Bajando por la calle del Olmo se llega a la plaza del Ayuntamiento. El edificio es discreto —construcción castellana de finales del siglo XIX, sin grandes alardes arquitectónicos— y nada hace presagiar lo que viene.
Por una de sus ventanas asoma un dragón metálico. No es pequeño ni sutil. La criatura parece atravesar el edificio de lado a lado, con la cola saliendo por la parte trasera, como si el animal hubiera decidido instalarse allí sin consultar a nadie. La obra forma parte de una exposición de arte contemporáneo de artistas riojanos integrada en el espacio urbano del pueblo. Es imposible pasar delante sin detenerse.
Bodegas, sarmiento y el único restaurante del pueblo
El enoturismo sostiene buena parte de la vida económica de Sajazarra. Además de Señorío de Líbano, hay otras bodegas que merecen tiempo y atención.
Alegre Valgañón está junto a la oficina de turismo. Detrás hay una historia concreta: Eva y Óscar, dos estudiantes de enología que empezaron a construir su proyecto en Italia y lo materializaron en Sajazarra en 2014. Elaboran vinos orgánicos que se han ganado el respeto del sector. Es el tipo de bodega pequeña donde todavía se nota que hay personas detrás de cada botella.
Puente del Ea se encuentra a las afueras, en la carretera que une Sajazarra con Tirgo, y lleva 25 años como referente de La Rioja Alta. La experiencia que ofrecen es completa: visita guiada al viñedo y a la bodega, cata, aperitivo o menú de productos locales con maridaje incluido.

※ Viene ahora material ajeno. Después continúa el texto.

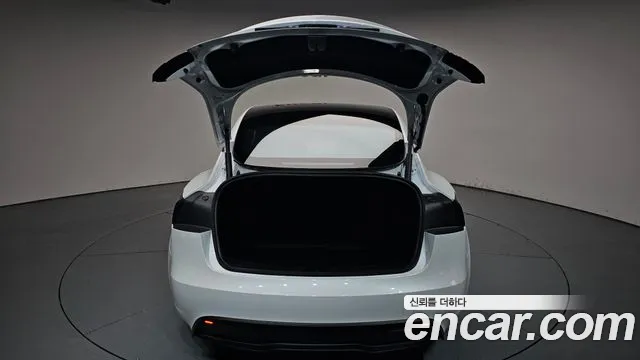 Tesla Model 3 — Фото автомобиля 19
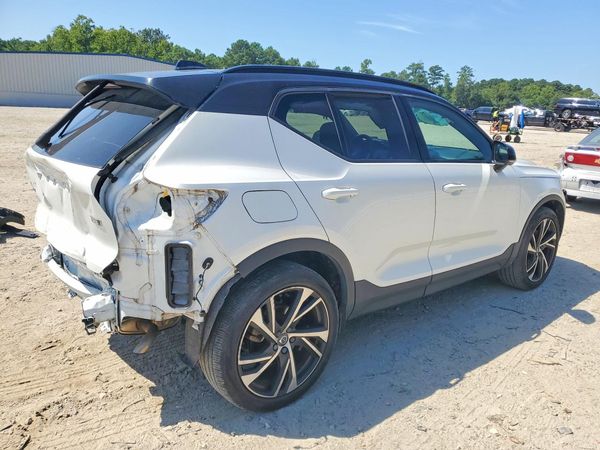 2022 VOLVO XC40 R-Design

Para comer, la elección es sencilla porque solo hay una: el Asador Ochavo. La brasa es su lenguaje y el sarmiento su ingrediente secreto. Las chuletillas de lechal se preparan así, con esa leña que huele a viñedo. Por la parrilla también pasan lubina y ventresca, acompañadas de salsa vizcaína y servidas en raciones generosas.
El menú degustación cuesta menos de 30 euros e incluye productos típicos de La Rioja cocinados, de nuevo, al sarmiento. Al final de la comida, con una copa en la mano y el olor a madera quemada todavía en el aire, Sajazarra termina de presentarse. Sin prisa. Como siempre ha hecho todo aquí.